Warum die betriebliche Altersvorsorge oft keinen Sinn macht
Interview mit Kevin Döllinger von der Infinno Finanzmanagement Gmbh:
Sascha Reinhard
Bis zu 78 % mehr Rente aus der betrieblichen Altersvorsorge. Genau darum geht es in diesem Interview. Wir haben heute Kevin Döllinger von der Infinno Finanzmanagement GmbH eingeladen. Kevin ist spezialisiert auf betriebliche Altersvorsorge und wird uns im Detail erklären, wie er meint, dass man auf 78 % mehr Rente aus der betrieblichen Zusatzrente kommen kann.In diesem Sinne, herzlich willkommen, Kevin.

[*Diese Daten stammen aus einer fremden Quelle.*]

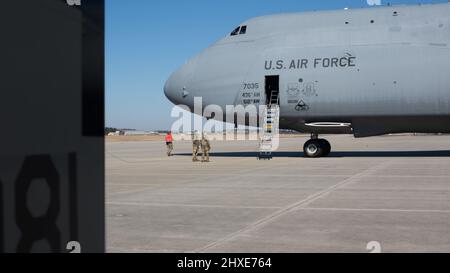 U.S. Air Force Airmen bereiten ein US Air Force C-5M Super Galaxy Flugzeug für den Start auf dem Luftwaffenstützpunkt Spangdahlem, Deutschland, 7. März 2022 vor. Die C-5M Super Galaxy ist in der Lage, 140 Tonnen Material zu liefern, um die Missionsfähigkeiten zu stärken, die die kollektive Verteidigung der NATO verbessern. (USA Air Force Foto von Tech. Sgt. Levi Rowse) Stockfoto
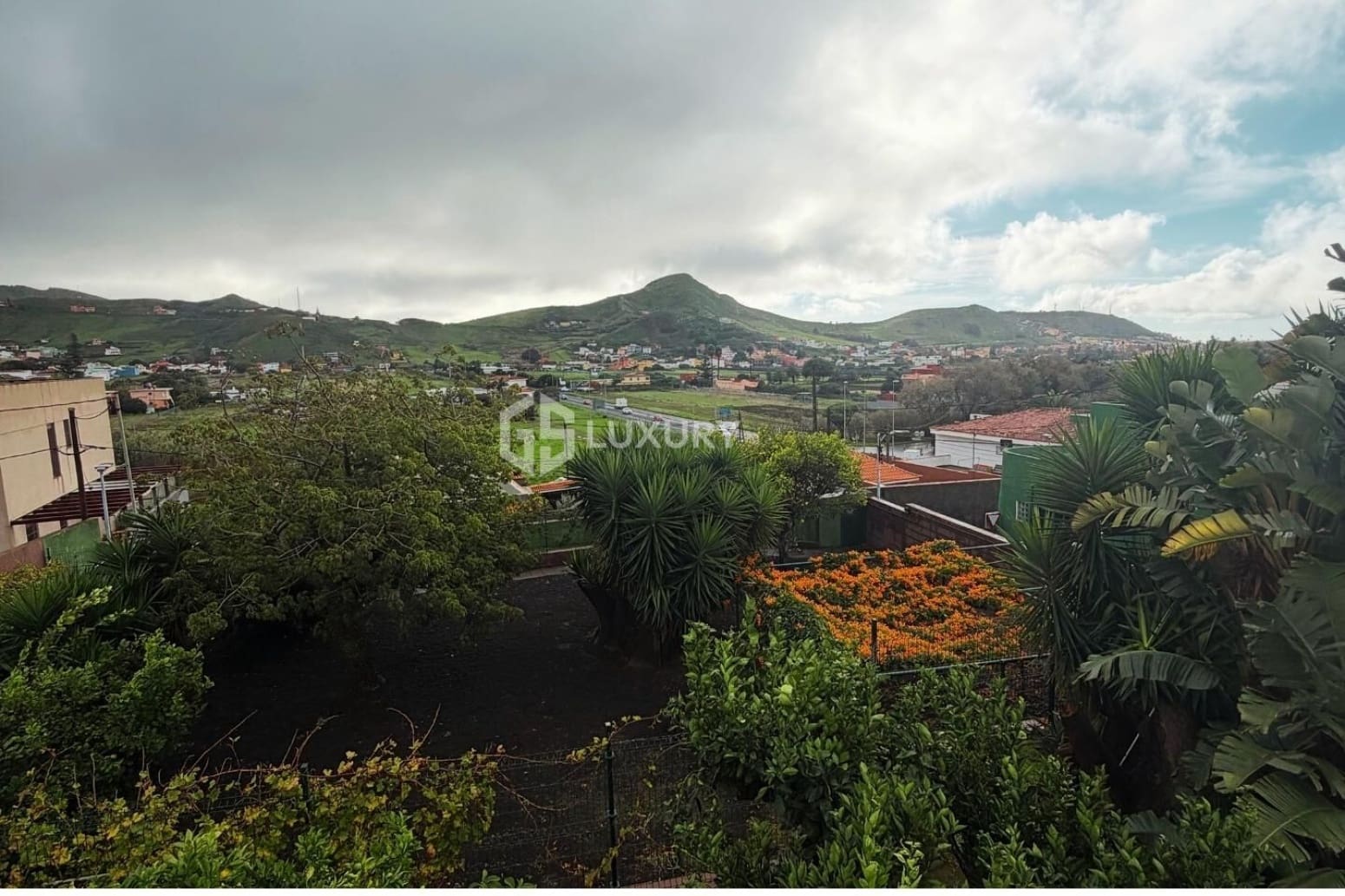 5 bedroom Villa for sale in San Cristobal de La Laguna with garage - € 1,700,000 (Ref: 9676105)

Schön, dass du dir Zeit nimmst und für alle Fragen zur Verfügung stehst.
Kevin Döllinger
Vielen Dank für die Einladung, Sascha. Ich freue mich auf das Interview und hoffe, dass ich ein paar spannende Einblicke zu dem Thema betriebliche Altersvorsorge geben kann.
Sascha Reinhard
Ja, wir hatten vor ein paar Wochen ein schriftliches Interview mit Kevin gemacht. Ich fand es damals erst ein bisschen langweilig. Ich meine, betriebliche Vorsorge ist jetzt nicht unbedingt das, womit man normalerweise alle hinterm Schrank hervorholt. Als ich es mir dann aber durchgelesen habe, fand ich es doch sehr spannend. Denn wir wissen alle, dass die normale Rente im Alter sehr wahrscheinlich nicht reichen wird und es gibt verschiedene Hebel, wie man das Ganze aufbessern kann.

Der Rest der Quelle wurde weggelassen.